Across the street from Plaza Cervantes park, a new restaurant called Meet & Eat seeks a license to sell beer and wine to its patrons, even though such a license would seem to violate state law designed to protect the “quiet enjoyment of the property of nearby residents.”
Land Park neighbors, me included, who object to the license are playing against a stacked deck, with the Department of Alcoholic Beverage Control and restaurant industry holding all the aces. Last fiscal year, the department recommended denial of 11 applications – out of 11,335 applications filed statewide. That is one tenth of 1 percent.
In this case, my neighbors objected that the restaurant would have open-air seating in a residential neighborhood. Too noisy. The law states that licenses issued within 100 feet of nearby residences “constitute grounds for denial of the application.” At least one house, a multifamily residence, nearly abuts the restaurant’s eastern wall. A second is within the 100-foot limit.
Moreover, Sacramento City College and a Church of Jesus Christ of Latter-day Saints center, fall within 600 feet of the restaurant, again grounds for denial under the law.
“The issuance of an unrestricted license would be contrary to public welfare and morals,” the ABC admitted in September statement.
But the ABC’s staff ended up issuing a conditional license anyway after Meet & Eat agreed to certain conditions. These include limiting consumption of alcoholic beverages on the patio to between 9 a.m. and 10 p.m., monitoring patrons and barring live music. There is no specific limit on noise.
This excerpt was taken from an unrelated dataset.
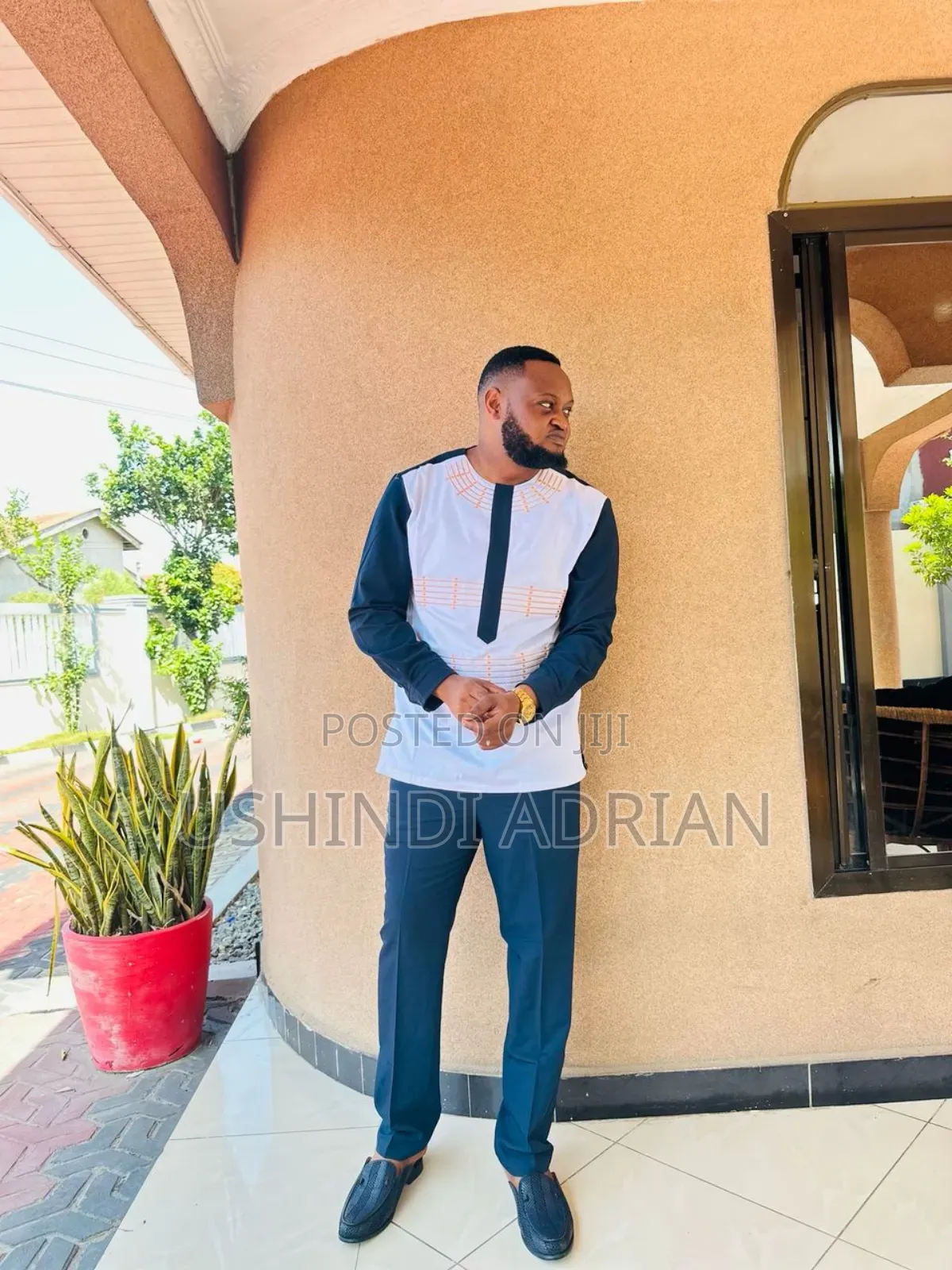 African Men Traditional Outfit–Luxury Edition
The ABC proposes to hold a hearing on the matter sometime later.
Next year, the city plans to convert Freeport Boulevard into a bicycle-friendly thoroughfare, but that was not a consideration for ABC. Nor was the loss of more than a dozen parking places with the renovation of the park, Plaza Cervantes.
ABC does not consider traffic or parking in its decisions, even though the mixture of alcohol and bike riders seems risky in an area already clogged with commuters and college students.
What about the park? Doesn’t the law say the state shouldn’t issue licenses near places where children play? Not exactly. The law states “public playgrounds.” The ABC says Plaza Cervantes is not a playground. Tell that to the kids who play there.
The spruced-up Plaza Cervantes is the new home of a statue called “Balancing Act Too.” Its creator, sculptor Tony Natsoulas, reminds us of the struggle to balance our needs – housing, love, food and time.
Perhaps a more appropriate location for “Balancing Act Too” would be the headquarters of the ABC. It could serve as a reminder that the department should consider the “public welfare” of all Sacramento residents.
Robert Gunnison is a former reporter for the San Francisco Chronicle and a lecturer at the Graduate School of Journalism at UC Berkeley. He lives in Land Park.